The majority of the world’s coal to liquids production is in South Africa (IEA 2012), but the technology is available to all regions in GCAM starting in the first future time period. Note that the CO2 emissions intensity is substantially higher than all other liquid fuel production technologies, due to high process energy intensities, and high primary fuel carbon contents. Where crude oil refining emits about 5.5 kg of CO2 per GJ of fuels produced, coal to liquids emits over 130 kg of CO2 per GJ of fuel produced. The upstream emissions from fuel production by this pathway are substantially higher than the “tailpipe” emissions from combustion of the fuels produced (about 70 kg CO2 per GJ). As with biomass liquids, two different production technologies with CCS are represented, with costs and CO2 removal fractions based on Dooley and Dahowski (2009).
While a minor contributor to liquid fuels production globally (about 0.1%; (IEA 2012),) gas to liquids has received increased attention in recent years, with several large-scale plants completed in the last decade (Glebova 2013), and others in various stages of planning and construction (Enerdata 2014). Because of the relatively low carbon content of natural gas, and whole-process energy efficiency ratings typically about 60%, the net CO2 emissions from the process are about 20 kg CO2 per GJ of fuel, significantly lower than coal to liquids. There is only one production technology represented in GCAM, with no CCS option available.

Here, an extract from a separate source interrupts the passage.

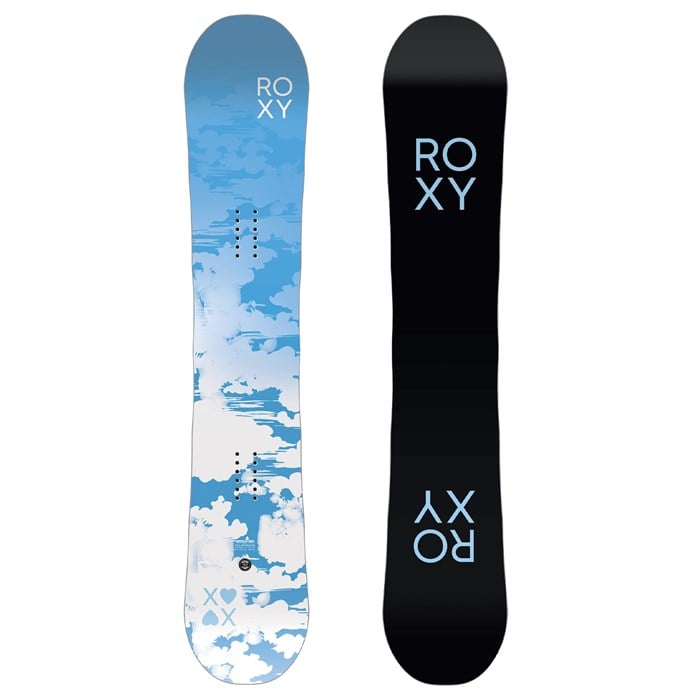 Roxy - XOXO Pro C3 Snowboard - Women's 2024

- International Energy Agency, 2019, Energy Balances of OECD Countries 1960-2017 and Energy Balances of Non-OECD Countries 1971-2017, International Energy Agency, Paris, France.
- International Energy Agency, 2011, Energy Balances of OECD Countries 1960-2010 and Energy Balances of Non-OECD Countries 1971-2010, International Energy Agency, Paris, France.
- Dooley, J.J., and Dahowski, R.T. 2009. Large-scale U.S. unconventional fuels production and the role of carbon dioxide capture and storage technologies in reducing their greenhouse gas emissions. Energy Procedia 1(1), pp. 4225-4232.
- Glebova, O. 2013. Gas to Liquids: Historical Development and Future Prospects, Report NG 80, Oxford Institute for Energy Studies.
- Enerdata, 2016. The Future of Gas-to-Liquid (GTL) Industry.